Injection process of pickup ion acceleration at an oblique heliospheric termination shock

TL;DR

This study uses large-scale kinetic simulations to investigate how pickup ions are injected and accelerated at an oblique heliospheric termination shock, revealing the roles of wave interactions and specific acceleration mechanisms.

Contribution

It provides the first detailed simulation-based analysis of pickup ion injection and acceleration processes at an oblique termination shock, highlighting shock surfing and drift acceleration mechanisms.

Findings

Pickup ions are accelerated to tens of times the upstream flow energy.

Reflected pickup ions generate upstream waves via resonant instabilities.

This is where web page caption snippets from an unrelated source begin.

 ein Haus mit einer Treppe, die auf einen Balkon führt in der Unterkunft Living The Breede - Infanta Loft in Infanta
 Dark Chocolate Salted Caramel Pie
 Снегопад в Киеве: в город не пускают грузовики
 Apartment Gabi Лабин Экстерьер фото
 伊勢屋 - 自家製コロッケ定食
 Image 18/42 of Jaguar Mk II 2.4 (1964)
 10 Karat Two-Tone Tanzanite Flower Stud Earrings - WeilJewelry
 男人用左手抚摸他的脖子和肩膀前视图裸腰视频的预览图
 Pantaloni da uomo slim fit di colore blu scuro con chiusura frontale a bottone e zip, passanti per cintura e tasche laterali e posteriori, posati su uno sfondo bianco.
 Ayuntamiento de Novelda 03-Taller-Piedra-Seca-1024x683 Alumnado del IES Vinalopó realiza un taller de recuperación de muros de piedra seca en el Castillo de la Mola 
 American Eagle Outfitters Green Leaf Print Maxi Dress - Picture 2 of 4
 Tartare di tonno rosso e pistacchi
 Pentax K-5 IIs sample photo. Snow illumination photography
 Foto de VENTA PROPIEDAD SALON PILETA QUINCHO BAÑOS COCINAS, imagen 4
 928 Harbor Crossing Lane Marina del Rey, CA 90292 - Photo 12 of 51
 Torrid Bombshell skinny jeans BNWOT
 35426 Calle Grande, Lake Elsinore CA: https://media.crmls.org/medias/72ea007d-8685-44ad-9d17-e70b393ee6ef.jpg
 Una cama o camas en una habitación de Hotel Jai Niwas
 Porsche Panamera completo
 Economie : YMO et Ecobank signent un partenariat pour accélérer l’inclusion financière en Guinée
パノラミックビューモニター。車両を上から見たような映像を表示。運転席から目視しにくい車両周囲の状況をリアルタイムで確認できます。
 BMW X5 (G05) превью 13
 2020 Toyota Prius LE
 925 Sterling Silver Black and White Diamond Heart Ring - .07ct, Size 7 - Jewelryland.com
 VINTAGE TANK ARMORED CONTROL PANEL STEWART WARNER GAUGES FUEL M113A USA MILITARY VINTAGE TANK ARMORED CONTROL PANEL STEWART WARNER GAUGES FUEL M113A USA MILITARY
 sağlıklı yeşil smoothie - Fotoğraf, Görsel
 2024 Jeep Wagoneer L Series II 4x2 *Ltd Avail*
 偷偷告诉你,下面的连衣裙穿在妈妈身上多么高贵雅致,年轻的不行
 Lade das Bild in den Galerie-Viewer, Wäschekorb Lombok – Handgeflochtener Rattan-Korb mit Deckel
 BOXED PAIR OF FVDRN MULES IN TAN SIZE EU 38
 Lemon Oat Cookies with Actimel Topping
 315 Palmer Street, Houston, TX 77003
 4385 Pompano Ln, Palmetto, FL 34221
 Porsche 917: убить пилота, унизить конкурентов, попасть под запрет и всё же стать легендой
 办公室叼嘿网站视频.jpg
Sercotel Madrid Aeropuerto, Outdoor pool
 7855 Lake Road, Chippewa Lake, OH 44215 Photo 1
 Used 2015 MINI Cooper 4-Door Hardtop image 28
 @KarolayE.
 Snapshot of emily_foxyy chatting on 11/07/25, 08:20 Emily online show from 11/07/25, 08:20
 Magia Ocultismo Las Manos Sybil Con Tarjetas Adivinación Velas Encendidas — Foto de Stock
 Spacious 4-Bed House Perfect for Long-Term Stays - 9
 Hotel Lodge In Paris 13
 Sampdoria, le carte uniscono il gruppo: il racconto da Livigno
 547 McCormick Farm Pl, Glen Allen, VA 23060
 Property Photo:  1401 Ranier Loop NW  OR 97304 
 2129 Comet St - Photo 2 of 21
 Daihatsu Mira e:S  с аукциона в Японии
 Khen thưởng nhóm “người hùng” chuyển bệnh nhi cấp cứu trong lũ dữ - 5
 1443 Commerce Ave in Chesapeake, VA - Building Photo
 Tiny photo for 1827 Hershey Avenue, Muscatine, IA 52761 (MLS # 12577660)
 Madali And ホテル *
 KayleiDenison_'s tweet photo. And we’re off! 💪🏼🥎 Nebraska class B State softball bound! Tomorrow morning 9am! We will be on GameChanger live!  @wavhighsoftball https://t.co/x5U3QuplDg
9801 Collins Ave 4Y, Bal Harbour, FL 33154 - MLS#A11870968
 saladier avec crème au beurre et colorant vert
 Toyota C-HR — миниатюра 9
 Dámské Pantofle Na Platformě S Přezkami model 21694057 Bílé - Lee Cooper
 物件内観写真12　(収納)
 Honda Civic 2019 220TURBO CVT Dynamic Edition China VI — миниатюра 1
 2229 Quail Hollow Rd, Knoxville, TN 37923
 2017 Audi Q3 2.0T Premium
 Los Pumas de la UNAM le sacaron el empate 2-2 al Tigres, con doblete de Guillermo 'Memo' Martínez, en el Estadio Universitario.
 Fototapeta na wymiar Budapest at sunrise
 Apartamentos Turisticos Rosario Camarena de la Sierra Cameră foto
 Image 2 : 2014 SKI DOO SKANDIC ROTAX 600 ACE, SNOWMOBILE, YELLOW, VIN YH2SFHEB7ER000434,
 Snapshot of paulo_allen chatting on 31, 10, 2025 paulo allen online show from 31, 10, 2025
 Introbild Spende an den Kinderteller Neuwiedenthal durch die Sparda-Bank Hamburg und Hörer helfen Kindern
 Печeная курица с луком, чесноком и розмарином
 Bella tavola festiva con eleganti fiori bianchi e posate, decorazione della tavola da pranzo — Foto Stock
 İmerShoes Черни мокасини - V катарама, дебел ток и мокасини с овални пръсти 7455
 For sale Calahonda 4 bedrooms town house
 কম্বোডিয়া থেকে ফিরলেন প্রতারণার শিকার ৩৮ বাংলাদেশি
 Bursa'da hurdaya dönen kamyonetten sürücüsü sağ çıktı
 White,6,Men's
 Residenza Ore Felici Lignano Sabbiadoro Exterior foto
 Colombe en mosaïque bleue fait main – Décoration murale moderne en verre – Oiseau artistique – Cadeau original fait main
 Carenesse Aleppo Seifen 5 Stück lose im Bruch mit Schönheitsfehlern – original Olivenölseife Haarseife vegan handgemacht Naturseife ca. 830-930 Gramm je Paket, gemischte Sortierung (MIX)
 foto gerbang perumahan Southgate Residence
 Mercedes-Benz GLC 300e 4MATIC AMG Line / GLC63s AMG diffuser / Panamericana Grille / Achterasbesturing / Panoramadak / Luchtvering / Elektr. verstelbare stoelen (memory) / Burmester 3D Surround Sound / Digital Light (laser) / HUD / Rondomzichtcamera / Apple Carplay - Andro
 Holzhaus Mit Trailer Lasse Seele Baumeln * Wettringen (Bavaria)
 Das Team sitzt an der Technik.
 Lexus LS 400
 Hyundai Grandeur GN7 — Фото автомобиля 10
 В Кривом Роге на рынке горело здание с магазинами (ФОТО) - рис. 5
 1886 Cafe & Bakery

Shock surface reformation influences downstream electromagnetic structure.

Abstract

Injection process of pickup ion acceleration at a heliospheric termination shock is investigated. Using two-dimensional fully kinetic particle-in-cell simulation, accelerated pickup ions are self-consistently reproduced by tracking long time evolution of shock with unprecedentedly large system size in the shock normal direction. Reflected pickup ions drive upstream large amplitude waves through resonant instabilities. Convection of the large amplitude waves causes shock surface reformation and alters the downstream electromagnetic structure. A part of pickup ions are accelerated to tens of upstream flow energy in the time scale of $\sim 100$ times inverse ion gyro frequency. The initial acceleration occurs through shock surfing acceleration mechanism followed by shock drift acceleration mechanism. Large electrostatic potential accompanied by the upstream waves enables the shock surfing acceleration to occur.